Elizabeth Oltmans Ananat: The Effect of Increased Income on Children's Academic Achievement: Evidence from the Marcellus Shale


Monday, September 11, 2017, 12:00pm to 1:45pm


Allison Dining Room
Elizabeth Oltmans Ananat, Associate Professor of Public Policy and Economics, Duke University.

Elizabeth Oltmans AnanatThe income gap in children’s academic achievement is large and growing in the United States, raising concerns about intergenerational social mobility and global competitiveness. Yet it remains unclear whether the association between children’s achievement and income is causal, because both family and local economic circumstances are endogenous to a host of other, difficult-to-measure characteristics.
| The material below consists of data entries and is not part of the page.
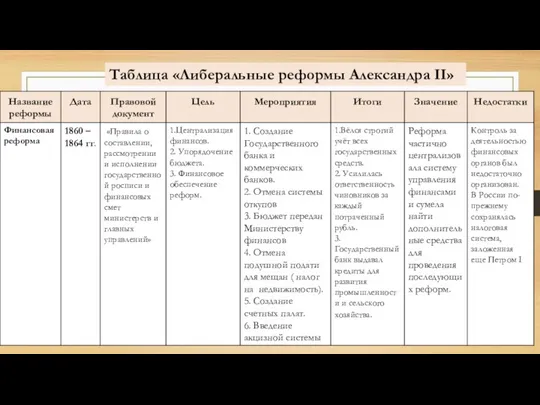 Таблица «Либеральные реформы Александра II»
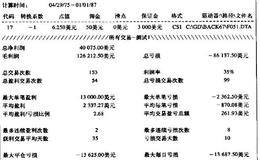 你要了解的关于股市周期的所有知识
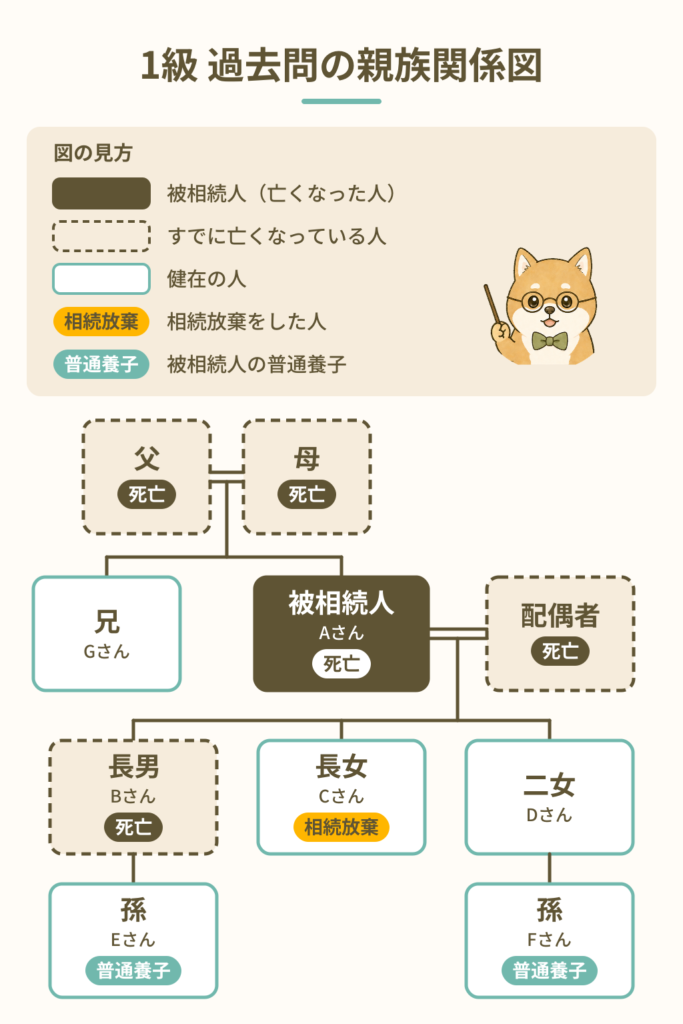 FP試験解説 相続放棄のある法定相続人 1級過去問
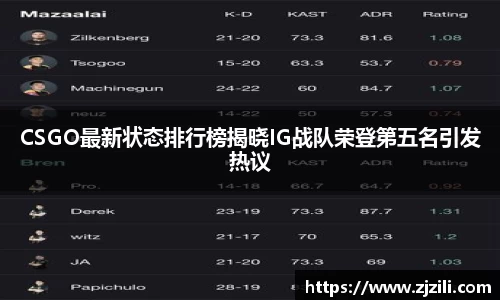 Ray竞技官网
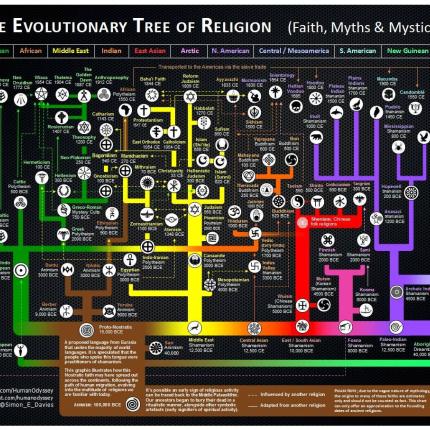 γενεαλογικό δέντρο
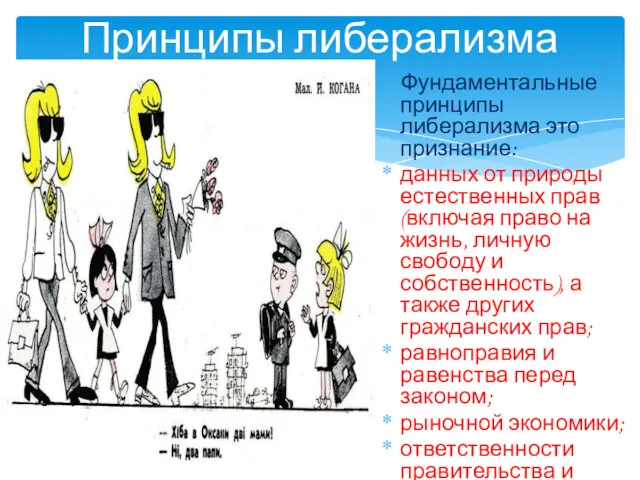 Фундаментальные принципы либерализма это признание: данных от природы естественных прав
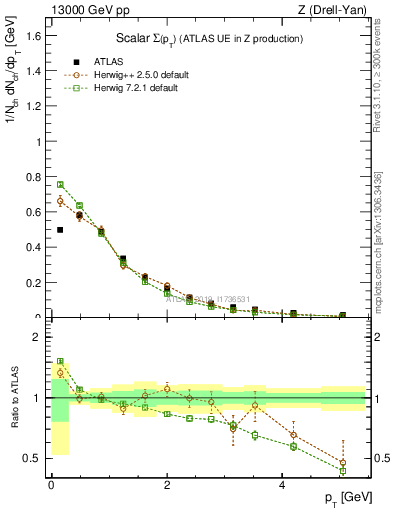 Plot of sumpt in 13000 GeV pp collisions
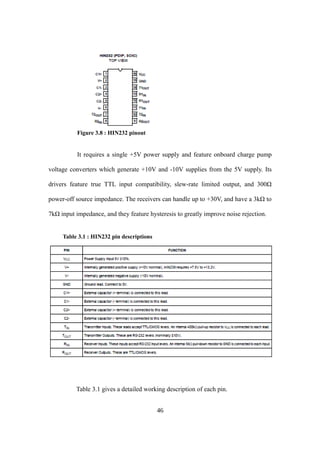 Figure 3.8 : HIN232 pinout
It requires a single +5V power supply and feature onboard charge pump
voltage converters which generate +10V and -10V supplies from the 5V supply. Its
drivers feature true TTL input compatibility, slew-rate limited output, and 300Ω
power-off source impedance. The receivers can handle up to +30V, and have a 3kΩ to
7kΩ input impedance, and they feature hysteresis to greatly improve noise rejection.
Table 3.1 : HIN232 pin descriptions
Table 3.1 gives a detailed working description of each pin.
46
 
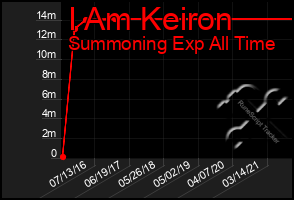 Total Graph of I Am Keiron
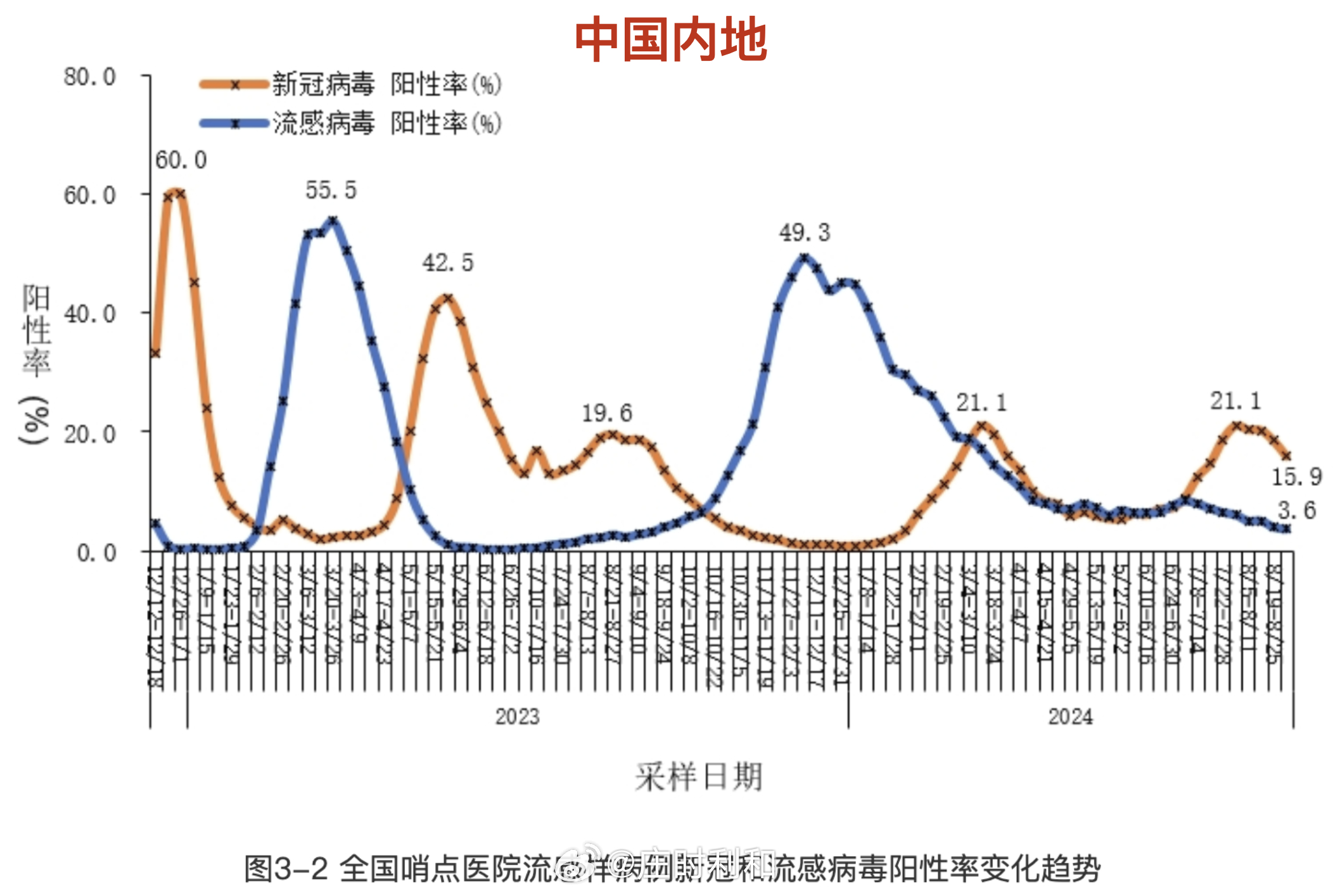 3月16日全国疫情通报(全国31省市3月16日疫情)-第1张图片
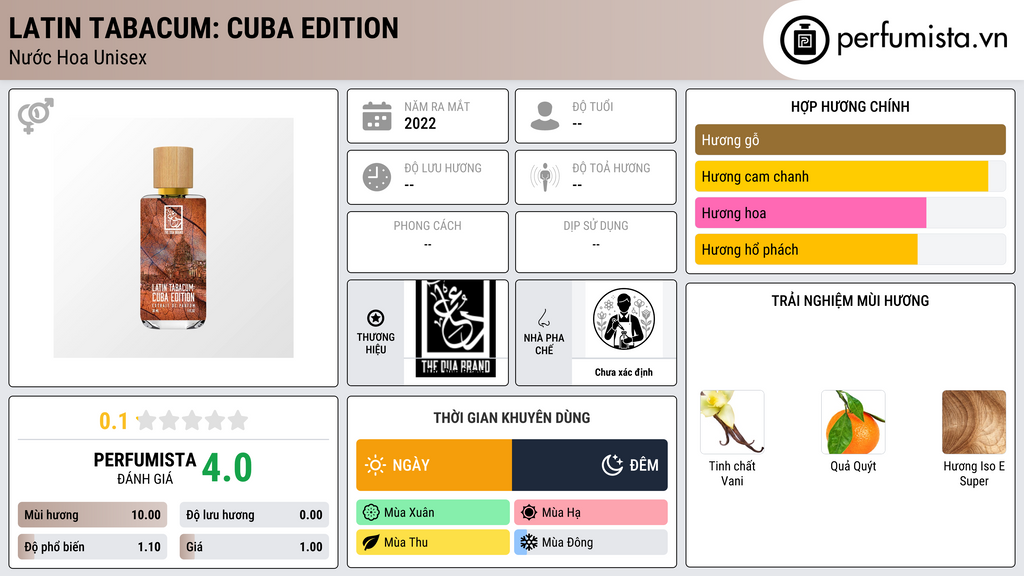 Thông tin chi tiết Latin Tabacum: Cuba Edition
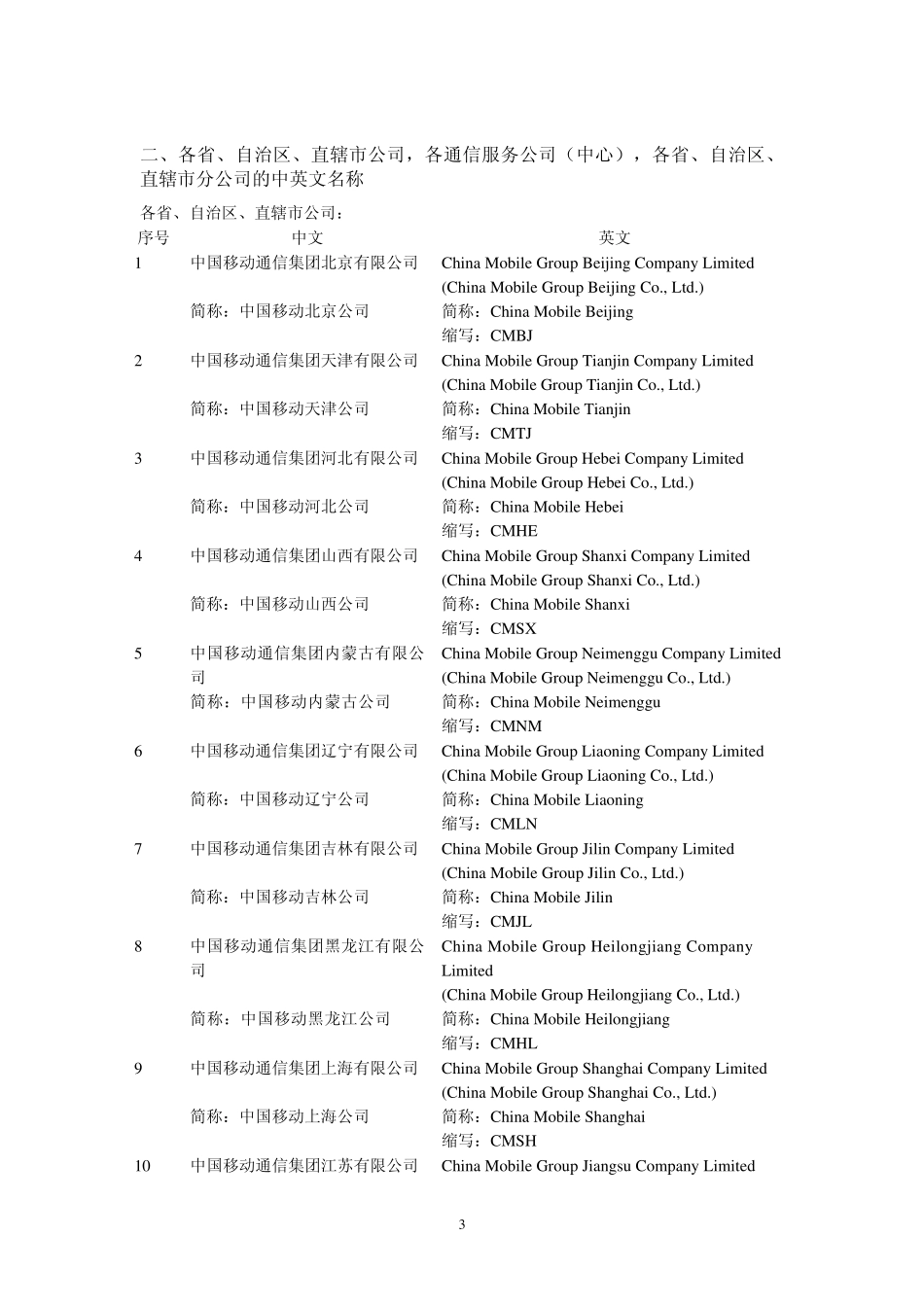 中国移动通信集团公司中、英文名称对照表(第三版)_第3页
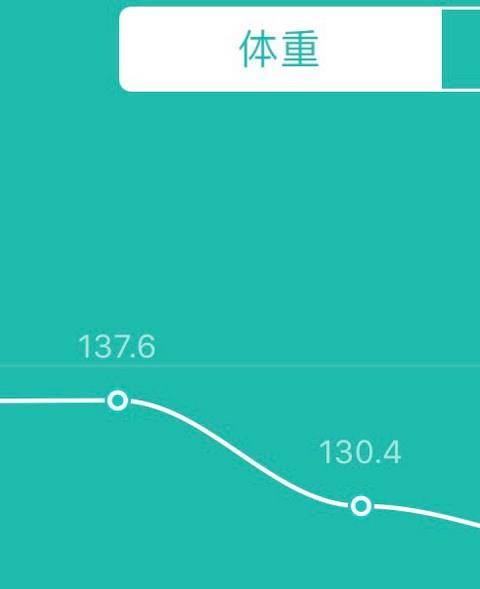 体重管理软件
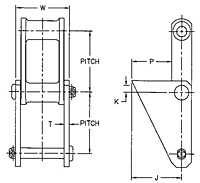 Dimensions<!--S1 Combination Chain-->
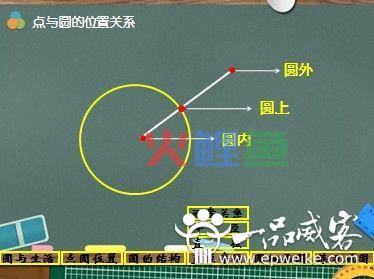 教学用课件PPT设计制作的主要构成部分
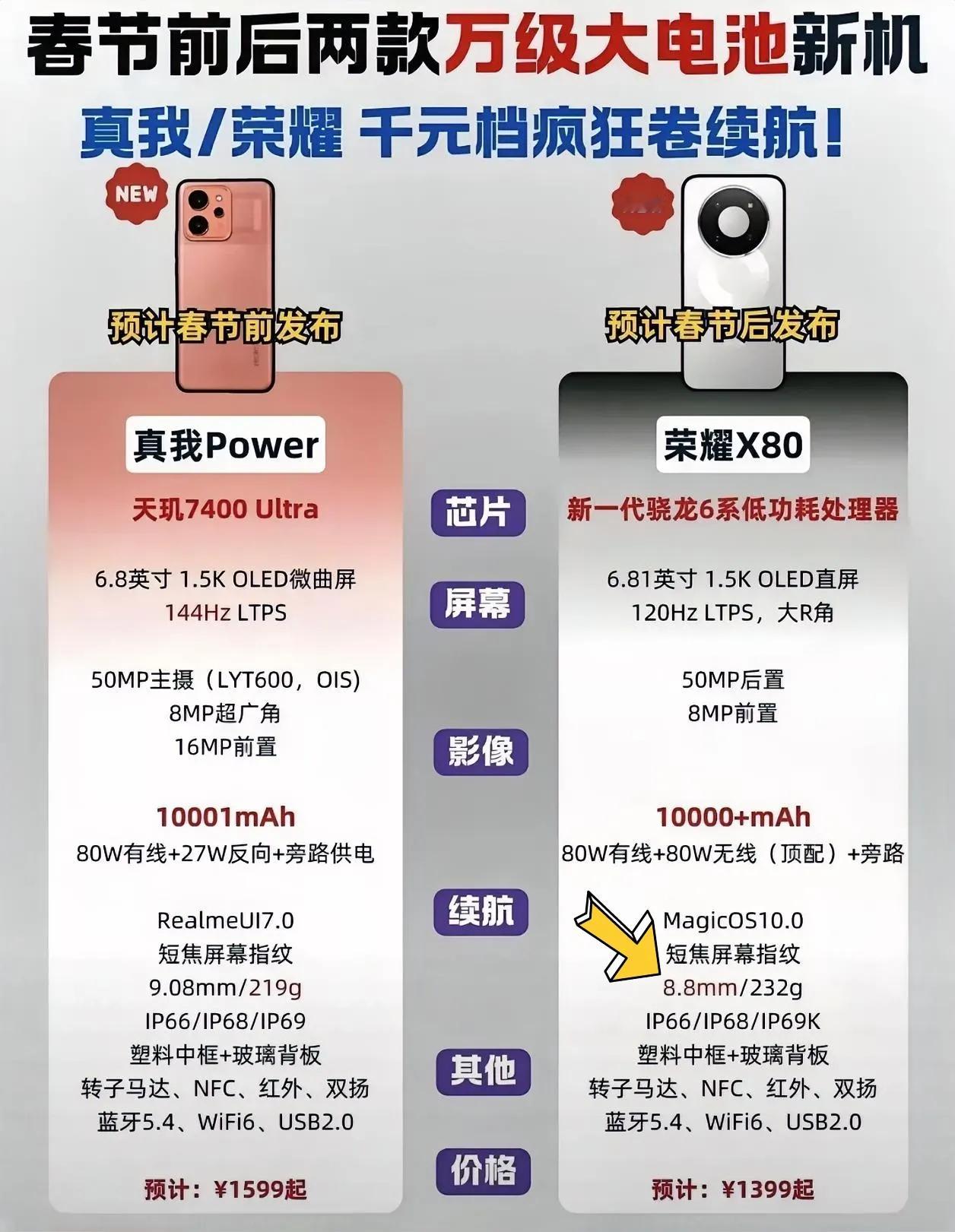 现在的千元机都这么卷了吗？真我Power和荣耀X80直接干到10000mAh电池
We take advantage of local economic growth generated by the extraction of natural gas in the Marcellus Shale geological formation to study whether improving economic conditions affect children’s academic achievement.

We find that local economic booms increase test scores, but only in initially disadvantaged districts; effects are negligible in more affluent districts. In contrast to recent work arguing that early childhood is a uniquely important window for addressing disadvantage, we find that test scores increase fairly uniformly across ages.

About the speaker

Elizabeth Oltmans Ananat is Associate Professor of Public Policy and Economics at Duke University. Her research focuses on the intergenerational dynamics of poverty and inequality.

Ananat received a B.A. in political economy and mathematics at Williams College in 1999, a master's degree in public policy from the Ford School at the University of Michigan in 2001, and a Ph.D. in economics from the Massachusetts Institute of Technology in 2006. In 2010 she served as Senior Economist for Labor, Education, and Welfare at the White House Council of Economic Advisers.